■ Work order ■
Word for word, restate all the records; images are not part of the copy.

■ Supplied material ■

◆ ◆ ◆ ◆

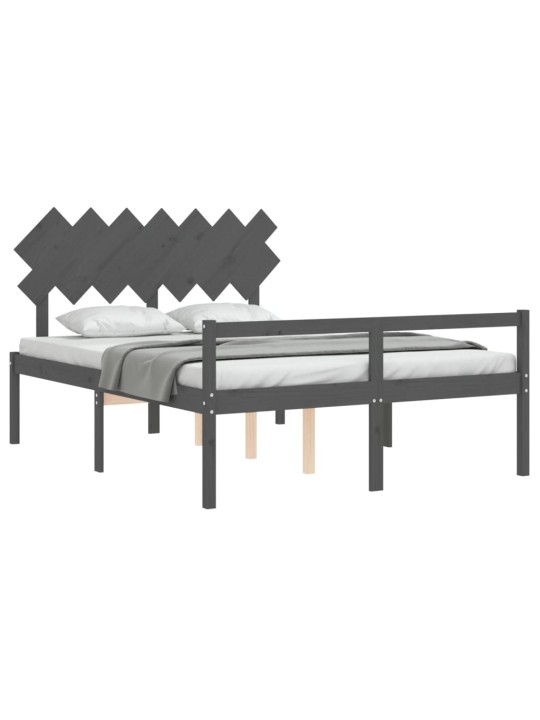 Postel s čelem pro seniory šedý King Size masivní dřevo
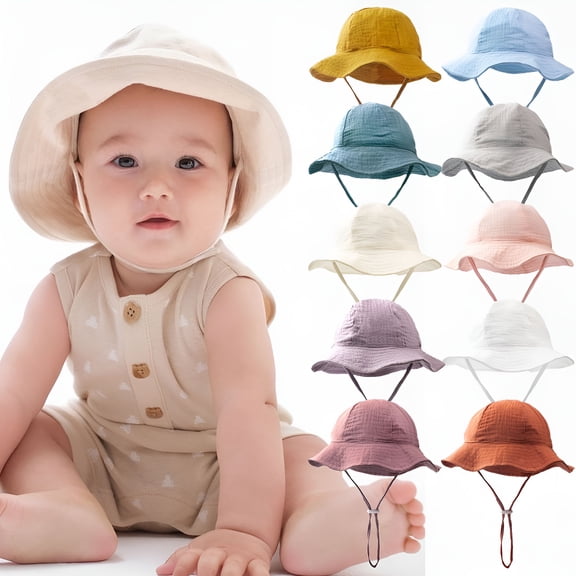 TELOLY Baby Sun Hat Toddler Cap Beach Hats with UPF 50 Protective Sunscreen Newborn Bucket Hat for Boys Girls 3-12M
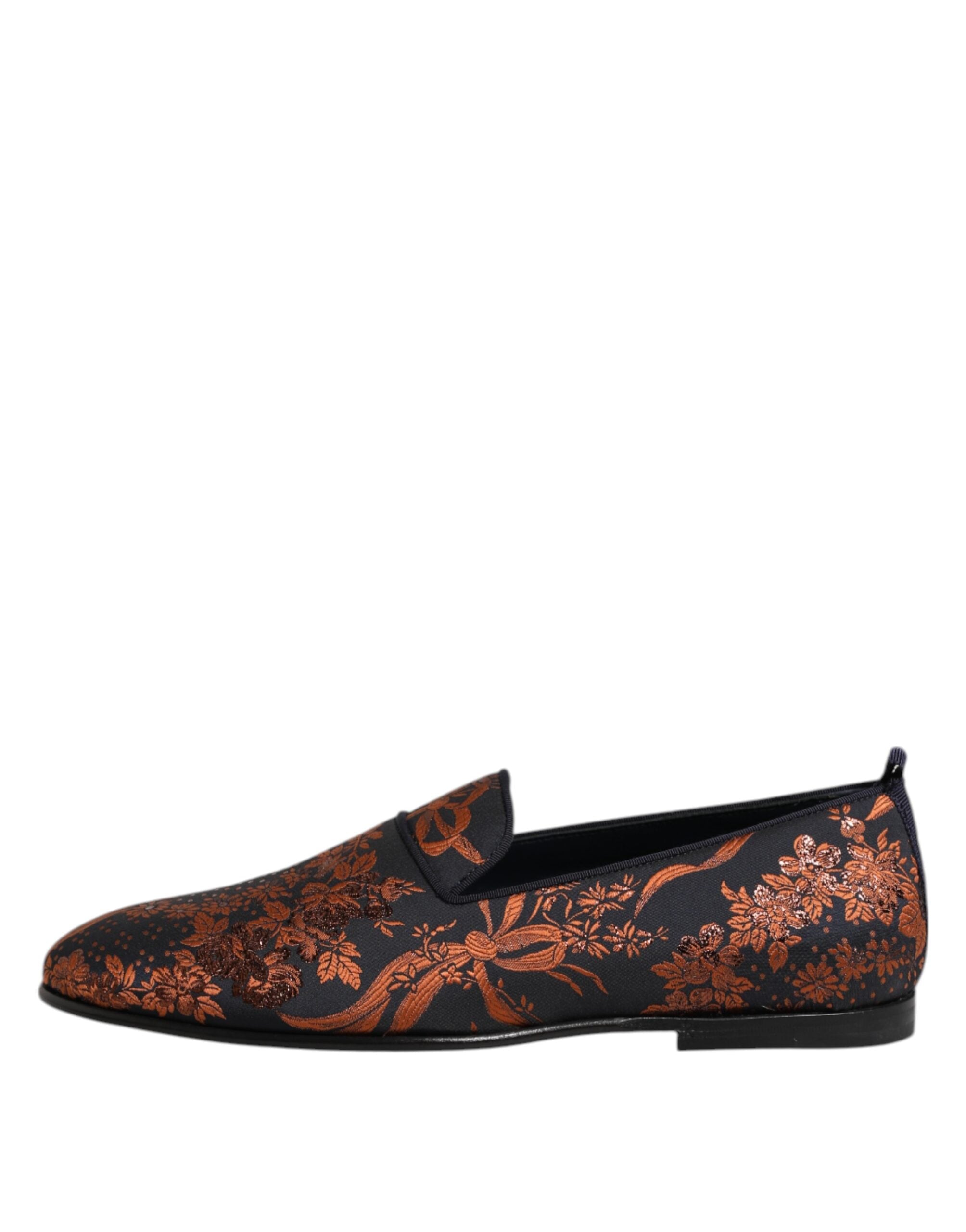Dolce & Gabbana Black Jacquard Polyester Slip On Loafers Shoes Dolce & Gabbana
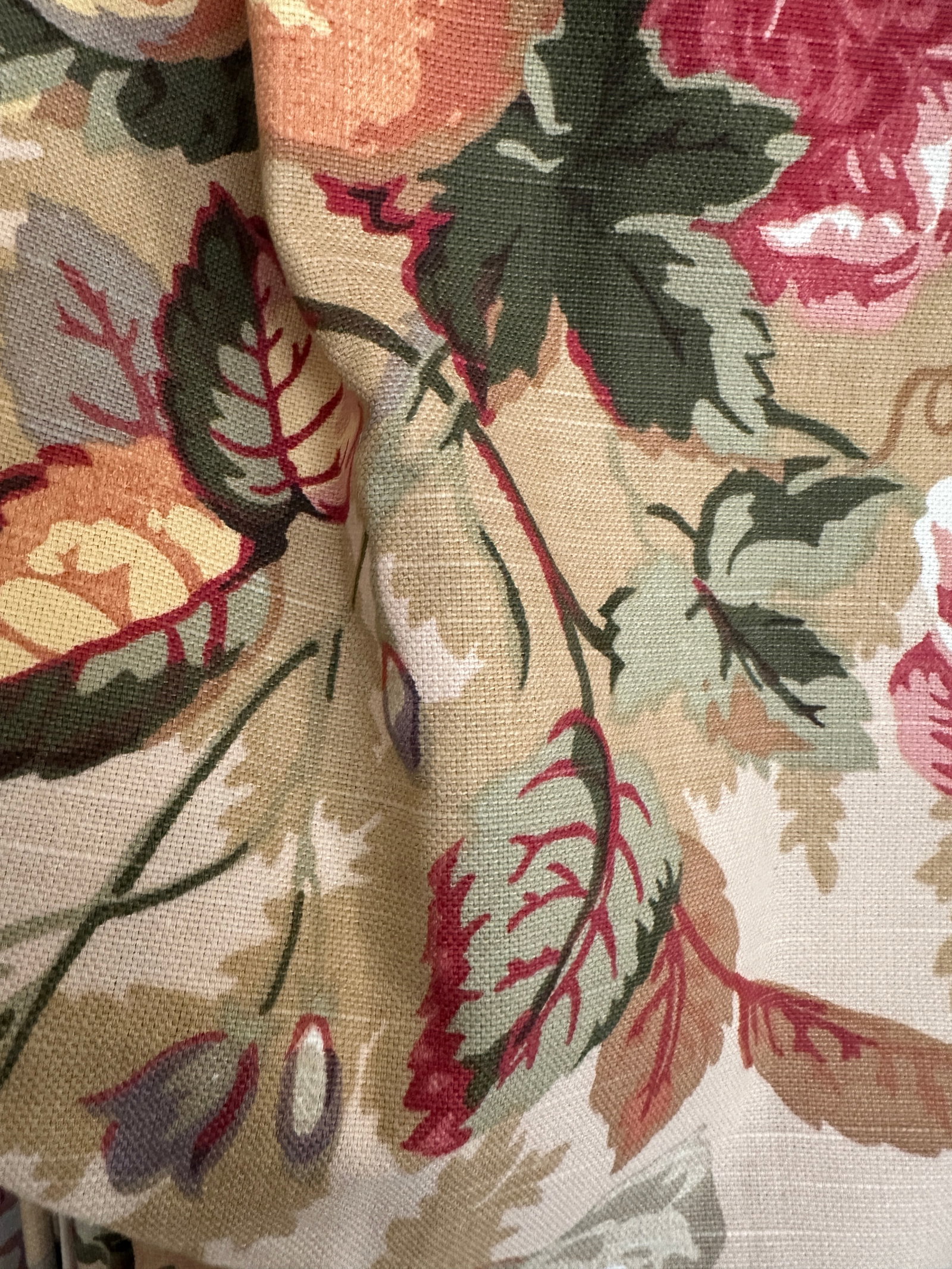 Vintage Thomasville Floral Vallance & 2 Panel Drape Set - 8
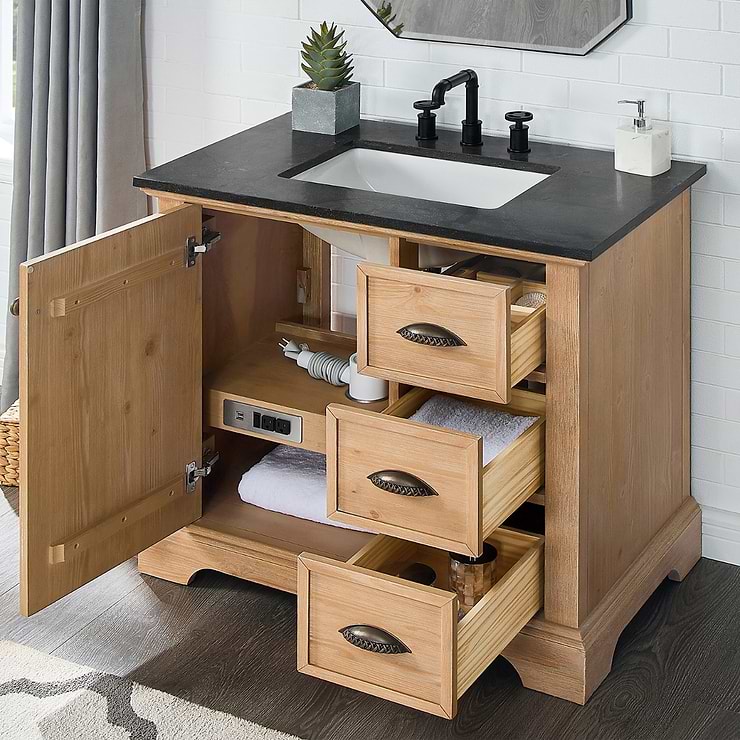Olivier Blonde Wood 36" Single Vanity with Black Marble Top | Tilebar.com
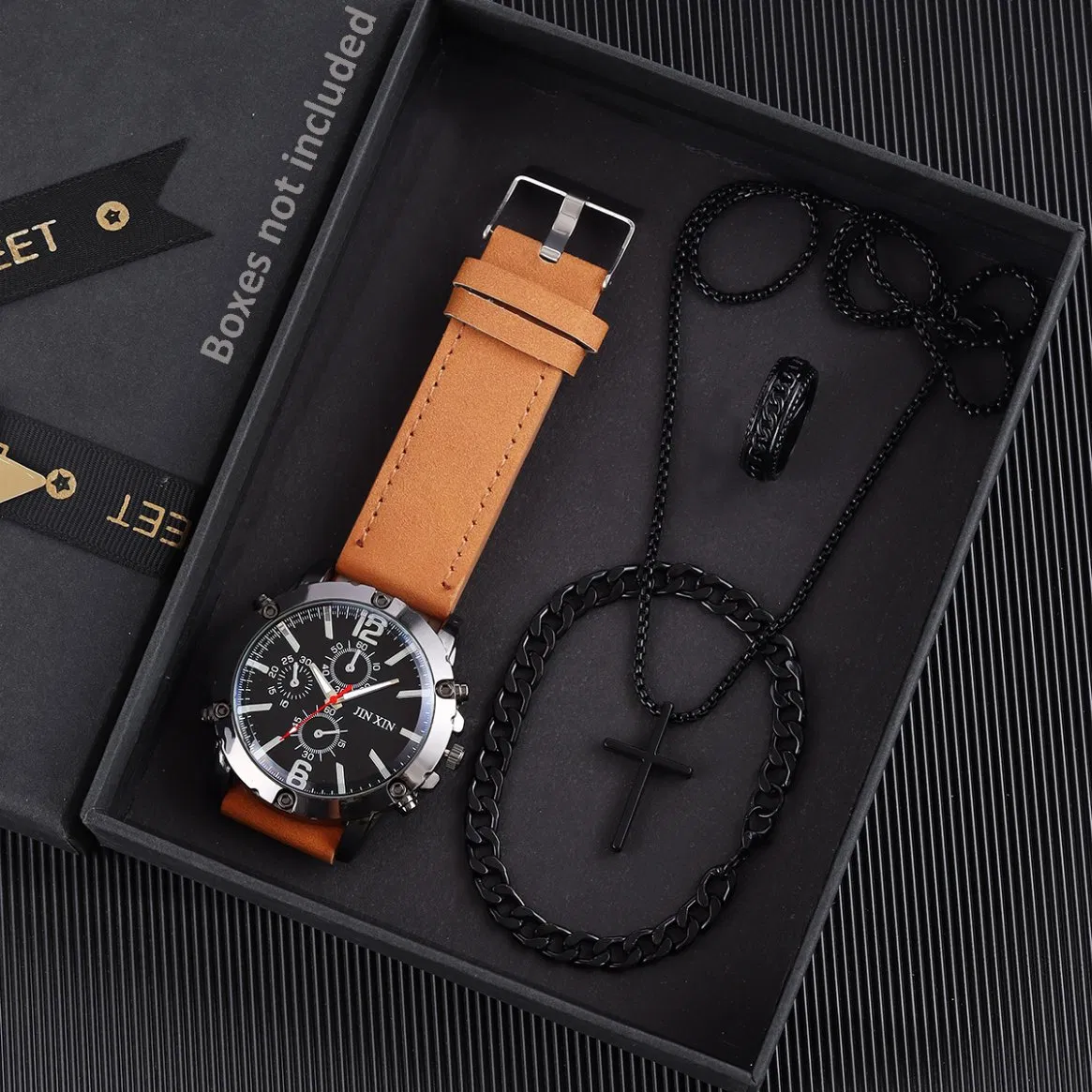 Hip-Hop Trendy Men's Watches and Cross Jewelry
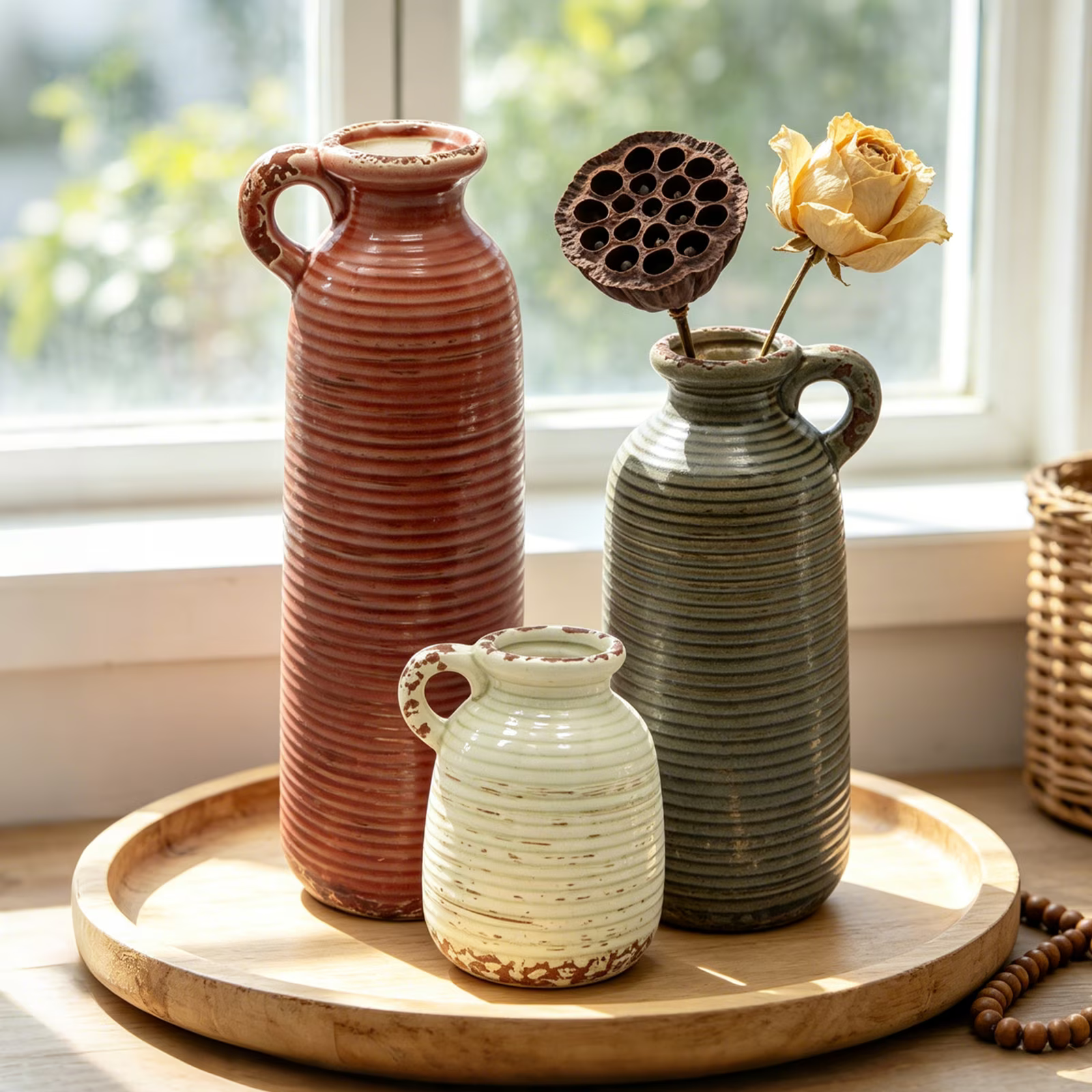 Set of 3 Neutral Ceramic Vases with Handle, Rustic Farmhouse Boho Decorative Vases for Pampas Grass, Table, Mantel, Living Room, Kitchen, Bathroom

◆ ◆ ◆ ◆

■ Answer section ■
 Postel s čelem pro seniory šedý King Size masivní dřevo
 TELOLY Baby Sun Hat Toddler Cap Beach Hats with UPF 50 Protective Sunscreen Newborn Bucket Hat for Boys Girls 3-12M
Dolce & Gabbana Black Jacquard Polyester Slip On Loafers Shoes Dolce & Gabbana
 Vintage Thomasville Floral Vallance & 2 Panel Drape Set - 8
Olivier Blonde Wood 36" Single Vanity with Black Marble Top | Tilebar.com
 Hip-Hop Trendy Men's Watches and Cross Jewelry
 Set of 3 Neutral Ceramic Vases with Handle, Rustic Farmhouse Boho Decorative Vases for Pampas Grass, Table, Mantel, Living Room, Kitchen, Bathroom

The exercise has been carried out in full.